The documentary ‘Khartoum’ gives a face to the Sudan crisis – DW – 10/21/2025

The documentary ‘Khartoum’ gives a face to the Sudan crisis – DW – 10/21/2025

More than 30 million people in Sudan (66% of the population) currently need humanitarian assistance. More than 12 million people have been forcibly displaced since the Sudanese civil war broke out in April 2023 between the country’s military and a powerful paramilitary group.

Almost 4 million children under 5 years of age suffer from severe and acute malnutrition. Women and girls are particularly exposed to sexual and gender-based violence.

“In my experience, it is the worst humanitarian crisis in the world,” Samy Guessabi, country director in Sudan for the NGO Action Against Hunger, told DW. He was attending the “Khartoum Calling” event, organized by the Human Rights Film Festival to raise awareness about the Sudanese conflict and its humanitarian impacts.

Niddal Salah-Eldin, a media official born in Khartoum, also highlighted how the war is jeopardizing the future of an entire young generation: “More than 15 million children in Sudan do not go to school,” she noted during the event, adding, by way of comparison, that in Germany there are 14 million children in total.

A vibrant city disrupted by war

Behind the numbers there are many personal stories. The award-winning documentary “Khartoum” uses a people-first approach and profiles five residents of the country’s capital: two young bottle collectors, a tea seller, a civil servant and a volunteer from the Resistance Committees, the grassroots pro-democracy movement that helped topple former dictator Omar al-Bashir in April 2019.

Production on the film began in 2022. It was initially conceived as a cinematic poem dedicated to the diversity of Khartoum, captured on the streets by four emerging Sudanese filmmakers: Anas Saeed, Rawia Al Hag, Brahim Snoopy and Timeea M. Ahmed, in collaboration with British director Phil Cox.

“But then the war started,” Brahim Snoopy told DW.

On April 15, 2023, the paramilitary Rapid Support Forces (RSF) attacked Sudanese Armed Forces (SAF) bases throughout Sudan, including in Khartoum and its airport.

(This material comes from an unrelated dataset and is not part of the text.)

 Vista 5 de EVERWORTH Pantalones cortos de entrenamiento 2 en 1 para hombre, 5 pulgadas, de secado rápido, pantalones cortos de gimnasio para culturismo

“And, you know, the directors, the participants, they were all scattered throughout Sudan and Khartoum,” the documentary’s co-director explained.

Sudanese filmmaker Brahim Snoopy in front of the backdrop of the Berlin Human Rights Film Festival.
Sudanese filmmaker Brahim SnoopyImage: Elizabeth Grenier/DW

Snoopy managed to flee to Kenya. Nairobi then became the base from which the five protagonists met to complete the documentary, which was now to chronicle the brutal disruption caused by the conflict.

However, it was too dangerous to film the participants’ escape from Sudan. Instead, they were asked to recreate their personal experiences of the war in front of a green screen, to which animations and footage were added.

The creative approach allowed the protagonists to go beyond the painful events and also reveal their dreams and hopes. Along the way, the film even manages to celebrate Sudan’s vibrant music and culture.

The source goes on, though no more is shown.